How's the noise level ??,,other Samick take downs I've seen have responded well to thread tape on the limb bolts.
Finaly,,welcome to the club,you should get years of use from this bow.:darkbeer:


----------



## ks_kiwi (Dec 22, 2004)

Jack - I felt like it was pretty quiet but then a friend who actually knows what he is doing borrowed it and made a flemish string that he felt was better sized for the bow and after that it's even quieter.

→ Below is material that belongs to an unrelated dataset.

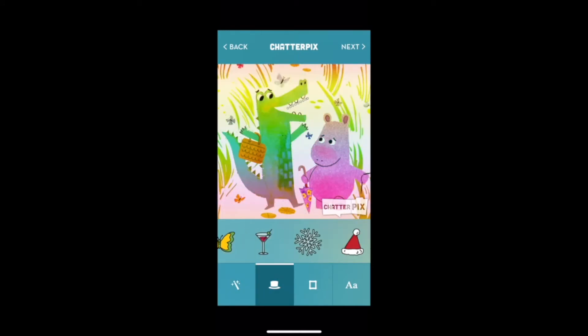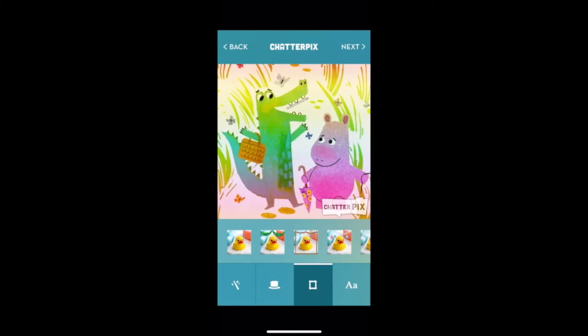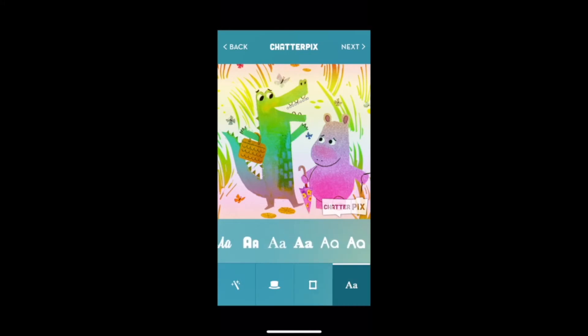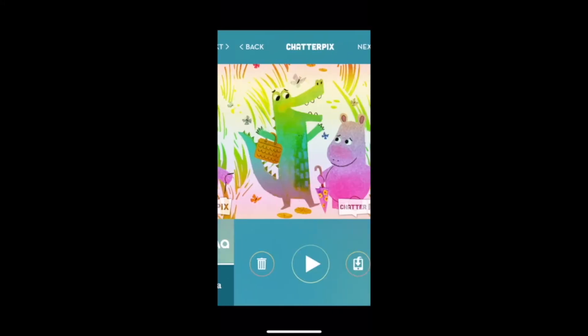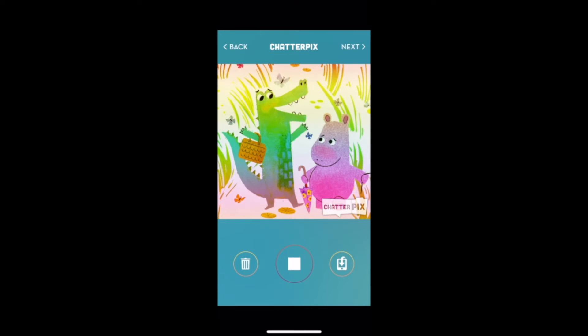At the end, you can animate using filters and stickers, and what's best is that this video can then be downloaded and uploaded to share with your class however you see fit.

I think I have contracted _newbowitis _ :embara: so I'll probably sell it and get a LH longbow - there is trad shoot at my local club this weekend and with vendors there, I hope to 'test drive' a few then.


----------



## SandSquid (Sep 2, 2008)

ks_kiwi said:


> The finish on the wood all around is excellent (or seems so to me) but on the limbs the varnish (?) appears a little milky except out on the tips -


That is a classic case of blushing!


It is most common with fast drying nitrocellulose lacquers and shellac. (But can happen with any fast drying finish.)

Blushing occurs when the humidity is high either in the finish (most finishes are hydroscopic and absorb moisture form the air if not stored properly or for too long.) I could also be hunidity or temperature in the finishing room, or the moisture level of the wood itself. 

It can be alleviated during finishing by the addition of ******ants to slow the cure of the finish. But that would make production time longer as the finish will stay softer longer and thus delay the product from shipping right away. 

If the haze isn't too deep in the finish(and yours isn't), you may be able to remove it with No. 0000 steel wool and oil or by reamalgamating the finish with a product like "Blush Eraser". Basically it softens the finish enoughto allow the trapped moisture to escape... Deep-set blushing can be eliminated only by refinishing.


----------



## trentcur (Feb 26, 2009)

pretty bow


----------



## LBR (Jan 1, 2004)

> Let me preface this by saying 'I am the least qualified person I know to report on anything traditional'.


If only every opinion posted here were so honest........

Nice looking bow, and thanks for the report. Samick seems to be getting their act together--I had a Red Stag one-piece in the shop recently and it looked good, felt pretty good, and scaled the same as yours (marked 40#, scaled 43# on my digital scale).

Chad


----------



## gugus (Mar 28, 2011)

Nice one! I just bought one, just more clear than your. 
Don't know if they're different models or just fancy: 
http://www.archeryshop.biz/images/hunting_squall.jpg

Or, maybe, mine is Europe market version and your is U.s.a. 

Wich arrows do you use on it? I've just start the long long research for the best fit ... 
40# too
I've made a session with 5\16, 29'', 100gr of bullet for an overall weight of 416grains. Wood (Cedar) , Rosecity, the 40lib and more selection. (((Did'nt check the spine though :doh: )


----------



## Trigun (Mar 27, 2005)

Very nice bow! There were several samick sold at our local archery store and man they are surely great bow for the money. I was quite ready to pick up a stingray, a very nice one piece recurve, this should be fun go along with my longbow.

Edmond


----------



## Lil Okie (Mar 25, 2008)

Very nice bow..enjoy.


----------



## farmer rick (Feb 25, 2011)

Trigun said:


> Very nice bow! There were several samick sold at our local archery store and man they are surely great bow for the money. I was quite ready to pick up a stingray, a very nice one piece recurve, this should be fun go along with my longbow.
> 
> Edmond


Samick makes great bows. My stingray is my favorite recurve. Fast and quiet.


----------